Each of the eight 5mm files have two pictures associated with them that show some results, e.g.
aaaaaaaaaaa_LO1_578.base.png contains:
and aaaaaaaaaaa_L01_578.qual.png contains:
Most of this is all new to me too, so I can’t explain what all this means yet.
The BAM file
The result_alignment directory contains the aaaaaaaaaaaaaa.bam file. It is 115 GB in size compressed at 27% which expands to 425 GB. Decompression time for this file on my computer is over 17 hours. For most purposes, you don’t want to decompress this file since most genome analysis programs work with the BAM file itself and with a small bam.bai (BAM index) file of 8 MB that is also in the directory. The BAM index file allows the programs to go directly to the section of the genome that the analysis program needs.
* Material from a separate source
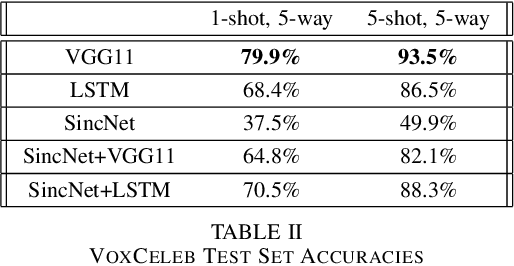 Figure 3 for A Study of Few-Shot Audio Classification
This directory also contains the same summary xls file that was with the FASTQ files (see above) and three png images:
aaaaaaaaaaa.Depth.png that shows that I mostly achieved at least 30x coverage
aaaaaaaaaaa.Cumulative.png that shows the cumulative distribution of the depth
aaaaaaaaaaa.Insert.png
Insert size has something to do with the analysis process. I used to know what paired reads are, but I forgot. I’ll have to look that up again if I ever have to use them.
Variation Files
There are four subdirectories named sv, snp, indel and cnv:
They contain a number of files, some gzipped (which I decompressed in the above listing). Basically, these are various files indicating all my gene, exome and genome differences from the human reference for both my SNPs and my INDELs (insertions/deletions). These files are in a different format than the two VCF files I downloaded for SNPs and INDELs earlier.
What’s Ahead
I purchased the Long Read WGS test from Dante a few days ago. I think I’m going to wait until I get the results from my Long Read test. This will likely take a few months. Once I get the long read results, I’ll look at the BAM and FASTQ files from both tests, compare them to each other, and see what I can learn from them.
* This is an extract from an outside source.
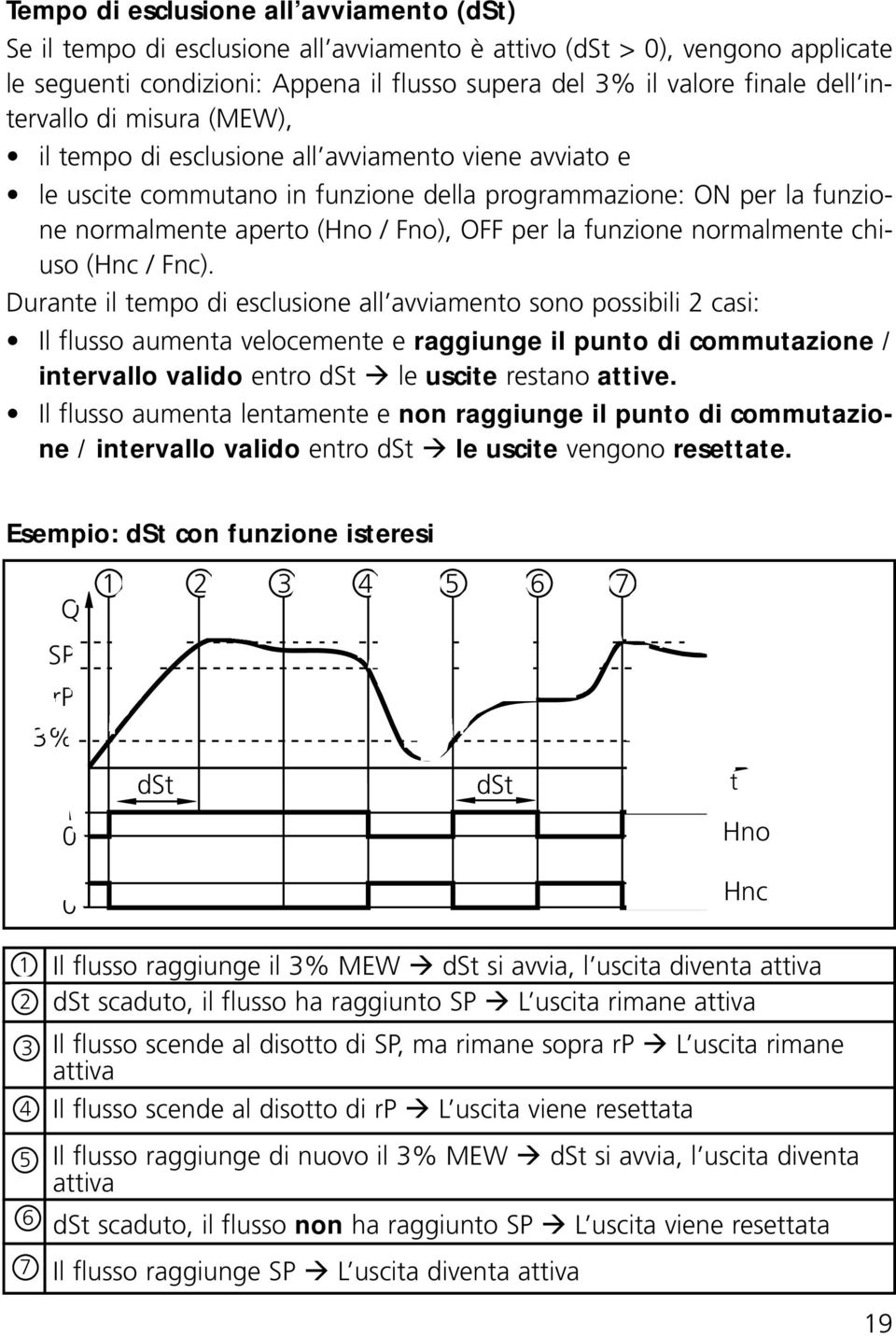 funzione normalmente chiuso (Hnc / Fnc).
With just one test, you can’t tell how good it is. But with two, you can compare their results to each other. It should be interesting.
Joined:
1 blog comment, 0 forum posts
Posted: Tue, 23 Apr 2019
Hello, Did you pay an extra fee to receive the raw files on hard drive? or was that cost included in the cost of ordering the WGS? Since I am disabled with a few rare disorders, I am very interested in WGS for medical reasons, not genealogy. but I appreciate your sharing your explorations of the WGS and reviews of Dante Labs’ tests. I look forward to hearing more about the Long Reads WGS. I already have Dante’s 30x WGS, and I am wondering about any additional insights that the Long Reads test might yield for my very complex conditions.
Joined: Sun, 9 Mar 2003
288 blog comments, 245 forum posts
Posted: Tue, 23 Apr 2019
Kendraz: When I purchased my kit back in August 2018, the hard drive with the BAM and FASTQ files was included free of charge. I did note in November that they started charging $69 extra for the hard drive containing your raw data.
I am purely looking at the short versus long reads for the purpose of determining the accuracy of the reads, determining ways to correct the SNPs, as well as the unlikely possibility to phase the pair of chromosomes into the two parents. My interest is aiding genetic genealogists. I have little interest in or knowledge about the medical side of it.